His anger metastasized into something beyond mere rage, far beyond wrath. A terrible darkness rose inside of him like black crude oil gushing up from a wellhead.
He was furious that the child had seen those photographs, had been forced to lie in those stained and foul-smelling bedclothes with unspeakable obscenity on every side of her. He had the crazy urge to pick up the shotgun and empty a few more rounds into each of the dead men.
They had not touched her. Thank God for that. They hadn’t had time to touch her.
But the room. Oh, Jesus, she had suffered an assault just by being in that room.
He was shaking.
He saw that the mother was shaking, too.
After a moment he realized that her tremors were not of rage, like his, but of fear. Fear of
him.
She was terrified of him, more so now than when he had come into the room.
He was glad there was no mirror. He would not have wanted to see his own face. Right now there must be some kind of madness in it.
He had to get a grip on himself.
“It’s all right,” he assured her again. “I came to help you.”
Eager to free them, anxious to quiet their terror, he dropped to his knees beside the bed and cut the tape that was wound around the woman’s ankles, tore it away. He snipped the tape around her wrists, as well, then left her to finish freeing herself.
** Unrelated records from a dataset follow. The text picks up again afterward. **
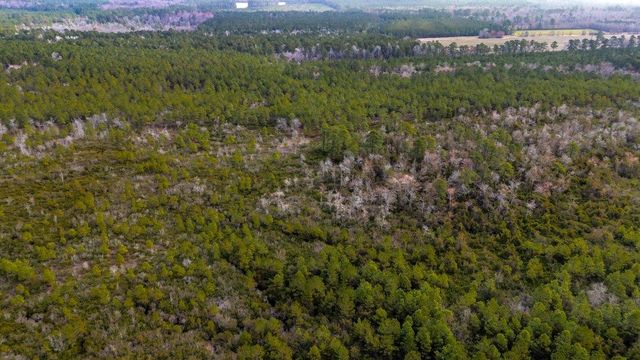 9060 Black Creek Rd., Nichols, SC 29581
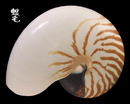 鸚鵡螺 Nautilus pompilius 2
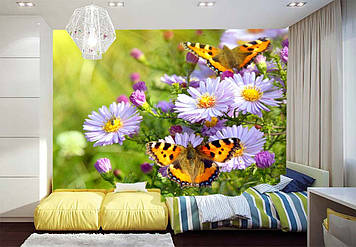 Фото Шпалери "Метелики і рожеві ромашки" - Будь-який розмір! Читаємо опис!
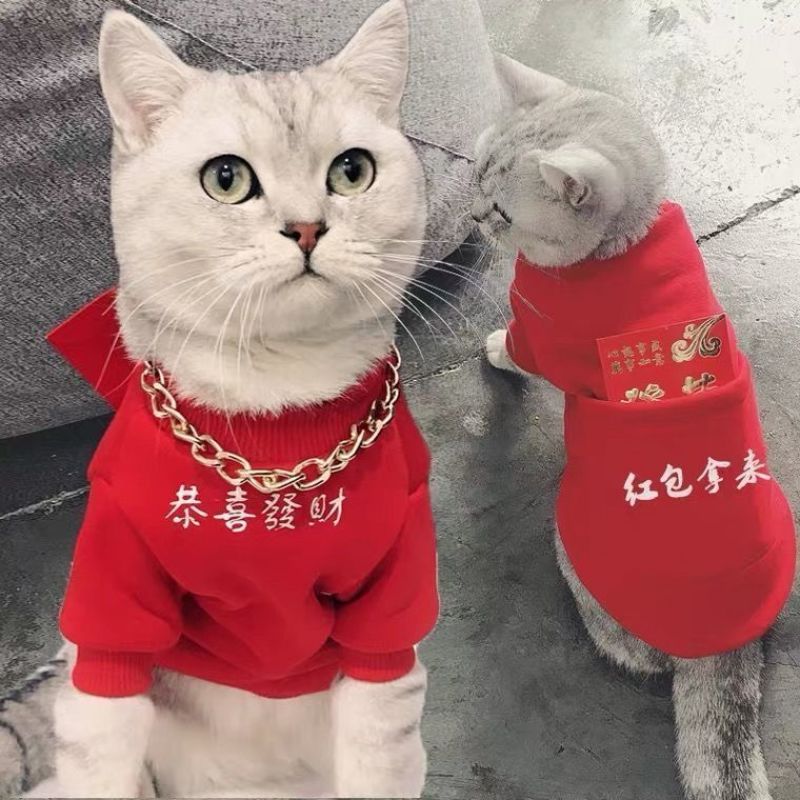 猫咪秋冬新年保暖加绒加厚红色卫衣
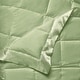 preview thumbnail 14 of 25, Solid Colored Microfiber Down Alternative Blanket Full - Queen - Sage
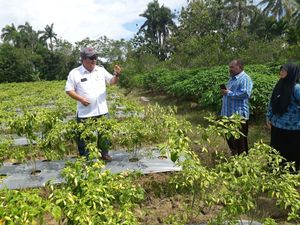 Pasokan Cabai di Sorong Kini Bisa Dipenuhi dari Petani Lokal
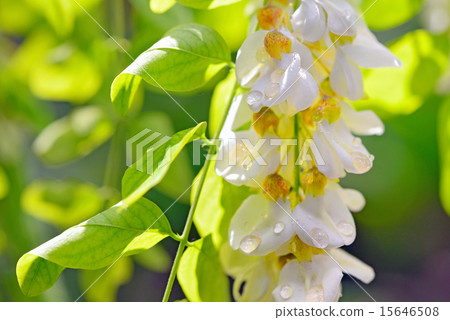 robinia honey with acacia blossoms robinia honey with acacia blossoms 15646508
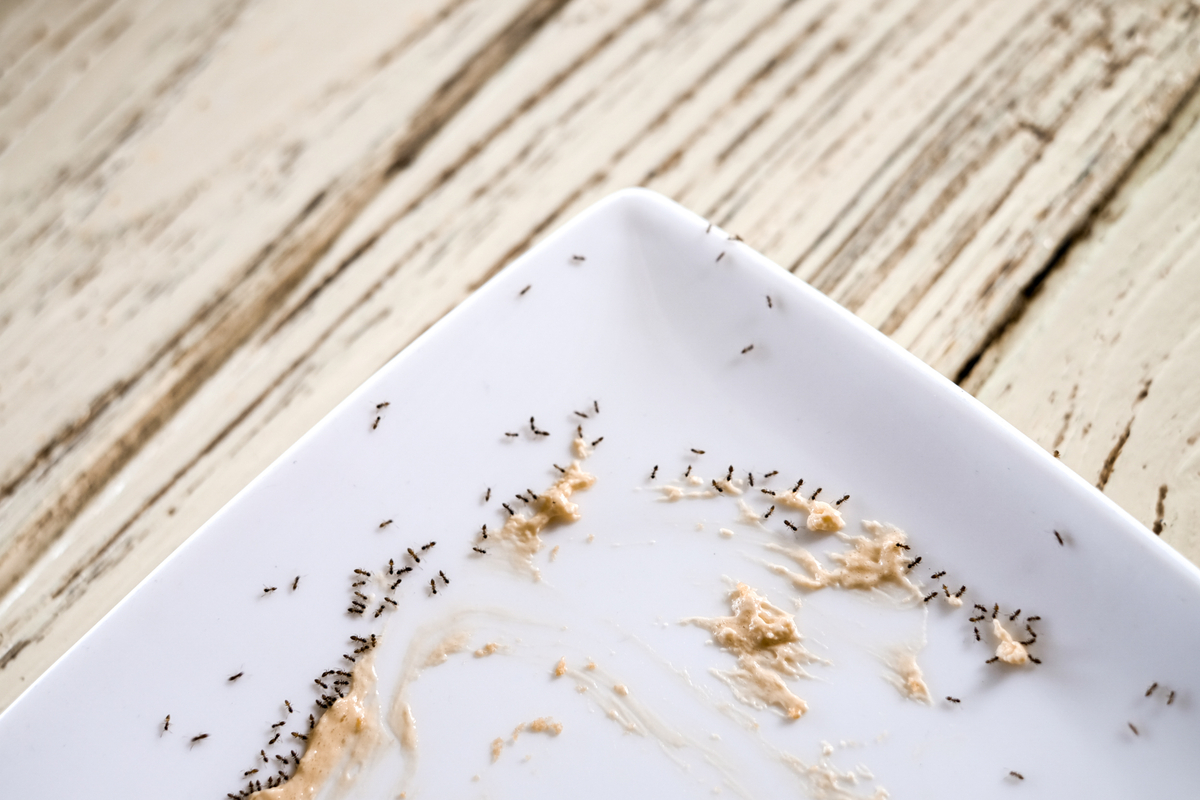Square plate with food crumbs and ants on it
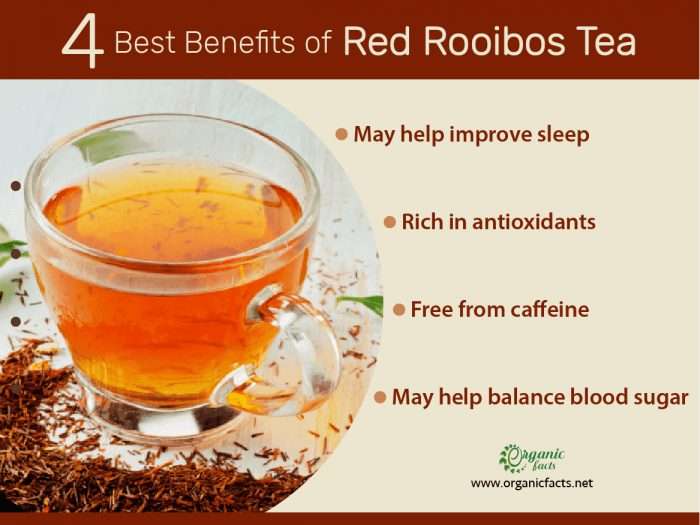 12 Amazing Health Benefits of Red Rooibos Tea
When he cut the bindings from Susie’s wrists, she hugged herself defensively. When he freed her ankles, she kicked at him and squirmed away across the gray and mottled sheets. He didn’t reach for her, but backed off instead.
Lisa peeled the tape off her lips and pulled a rag out of her mouth, choking and gagging. She spoke in a raspy voice that was somehow simultaneously frantic and resigned: “My husband, back at the car, my husband!”
Jim looked at her and said nothing, unable to put such bleak news into words in front of the child.
The woman saw the truth in his eyes, and for a moment her lovely face was wrenched into a mask of grief and agony. But for the sake of her daughter, she fought down the sob, swallowed it along with her anguish.